It should be noted that, when the time series sample data includes the power service flow sample data corresponding to one type of power service at different time instants or different time domains, the corresponding samples are sequentially used to train the target power service classification model according to the time ascending order, so as to update the target power service classification model.
In this embodiment, the power service data collection module 102 is further configured to obtain time-series sample data and a power service class label of the power service, and the edge server is configured to receive the time-series sample data and the power service class label from the power service data collection module 102, generate a real-time sample set according to the time-series sample data and the power service class label, update a pre-trained target power service classification model with the real-time sample set, and transmit the updated target power service classification model to the power service identification module 106. Because of the continuous development and the intellectualization of the power system technology, the continuous change of the power business demands, the continuous updating and iteration of the power business data and business types, the embodiment of the application considers the online learning demands of the target power business classification model, utilizes the high-performance network interface of the intelligent gateway to complete the high-speed acquisition of the power business flow sample data and the lossless forwarding to the edge server, and based on the incremental power business data, the edge side model is frequently updated by an incremental learning method at the edge side so as to finally realize the accuracy iterative promotion and real-time guarantee of the model and prevent the leakage of business information; in addition, through the lossless high-speed data transmission capability of the intelligent network card, the problems of data missing and hysteresis existing in online learning of the traditional artificial intelligent model are solved, further incremental learning of the target power business classification model is assisted to be accelerated, circulation of data between business perception nodes and model training nodes is accelerated, model incremental training speed is improved, and accuracy of power business identification is further improved through real-time iterative updating of the target power business classification model.

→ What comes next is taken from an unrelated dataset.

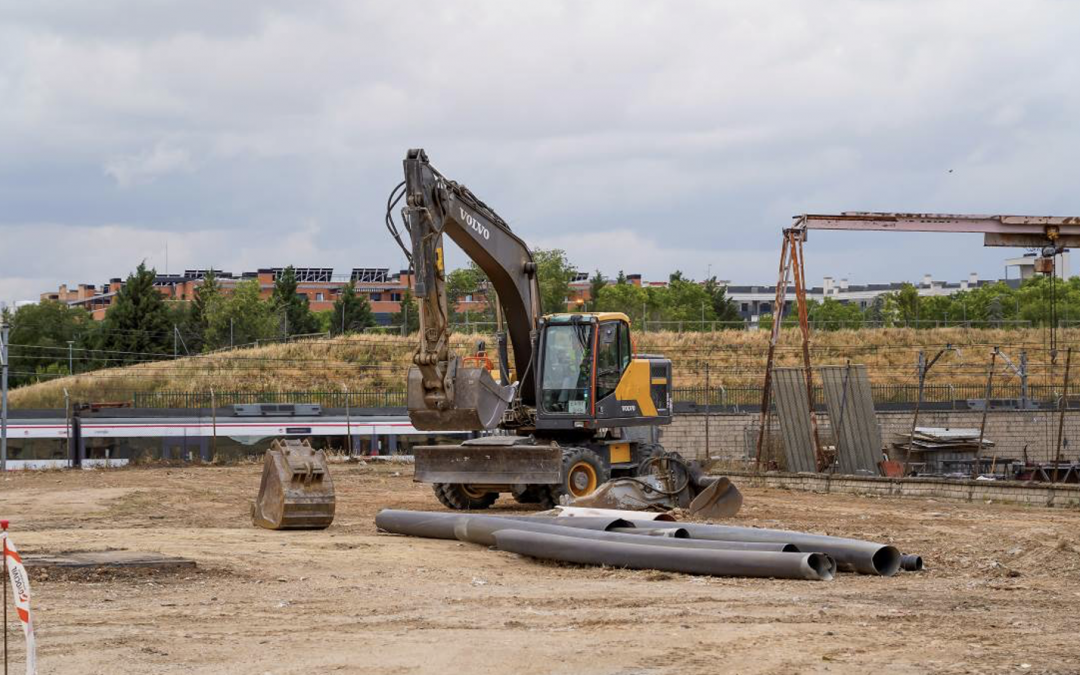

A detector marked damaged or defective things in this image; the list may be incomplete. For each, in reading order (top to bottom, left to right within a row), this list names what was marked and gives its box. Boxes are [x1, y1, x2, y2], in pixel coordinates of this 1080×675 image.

rusty gantry crane [760, 211, 1080, 470]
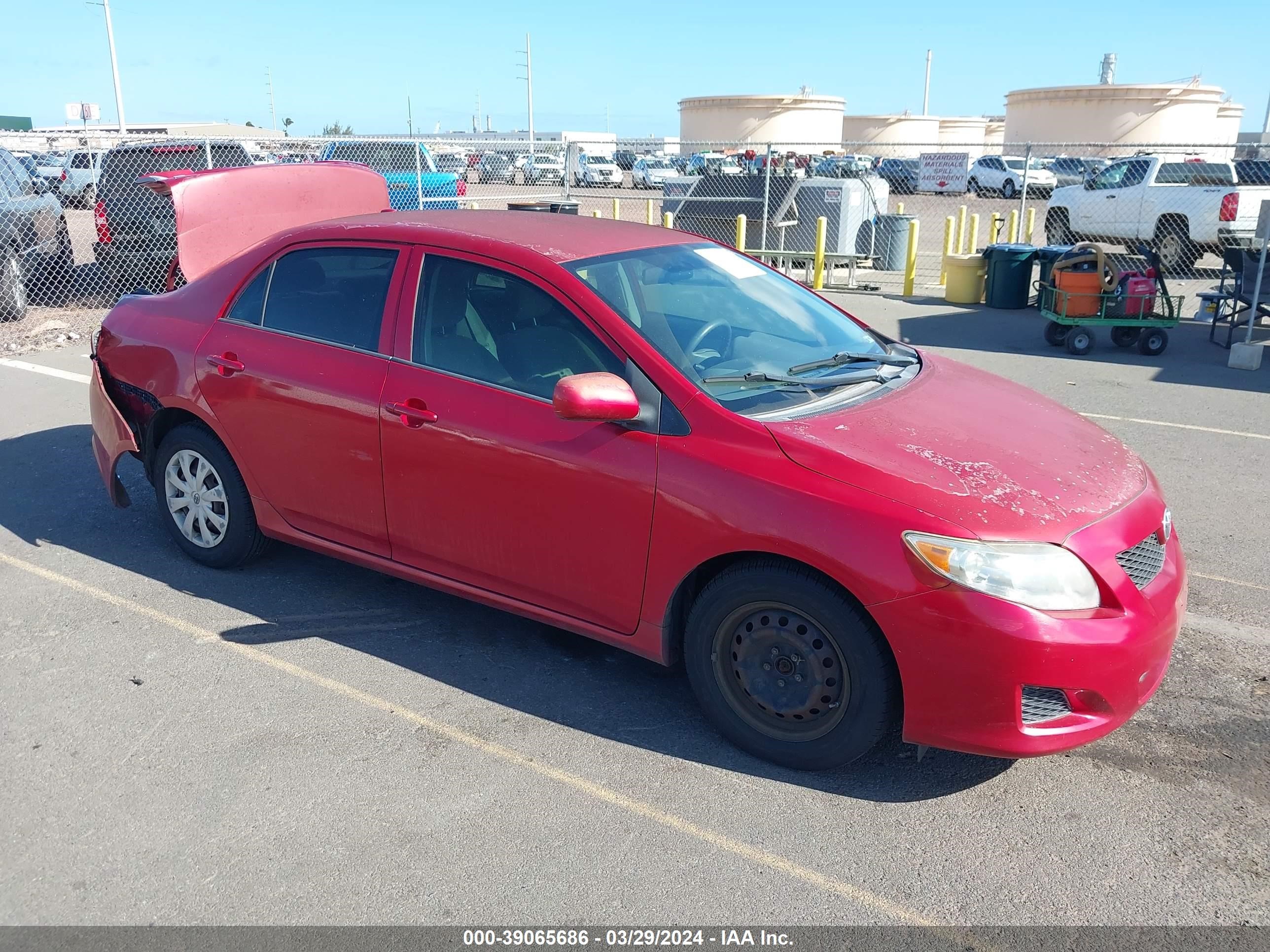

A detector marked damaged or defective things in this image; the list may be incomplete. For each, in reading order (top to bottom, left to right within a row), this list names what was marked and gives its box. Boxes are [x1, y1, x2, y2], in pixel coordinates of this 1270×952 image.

damaged rear bumper [91, 360, 139, 510]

In one embodiment, the edge server, when executing updating the pre-trained target power traffic classification model with the real-time sample set, is further configured to:
and B1, dividing the real-time sample set into a plurality of mutually exclusive sample subsets, wherein the sample subsets comprise training subsets and verification subsets.
And step B2, training a pre-trained target power business classification model according to each training subset, and verifying the prediction accuracy of the model obtained after the current training through a verification subset corresponding to each training subset.
And B3, taking the model parameters when the prediction precision meets the precision condition as target parameters, and updating the target power business classification model according to the target parameters.
The real-time sample set is divided into S groups of mutually exclusive sample subsets, each group of sample subsets is used as a verification subset, the other S-1 groups of sample subsets are used as training subsets, the S-1 groups of sample subsets are used for training a pre-trained target power service classification model, the prediction precision of the model obtained after current training is verified through the verification subsets corresponding to the S-1 groups of sample subsets, model parameters when the prediction precision meets precision conditions are used as target parameters, and the target power service classification model is updated according to the target parameters.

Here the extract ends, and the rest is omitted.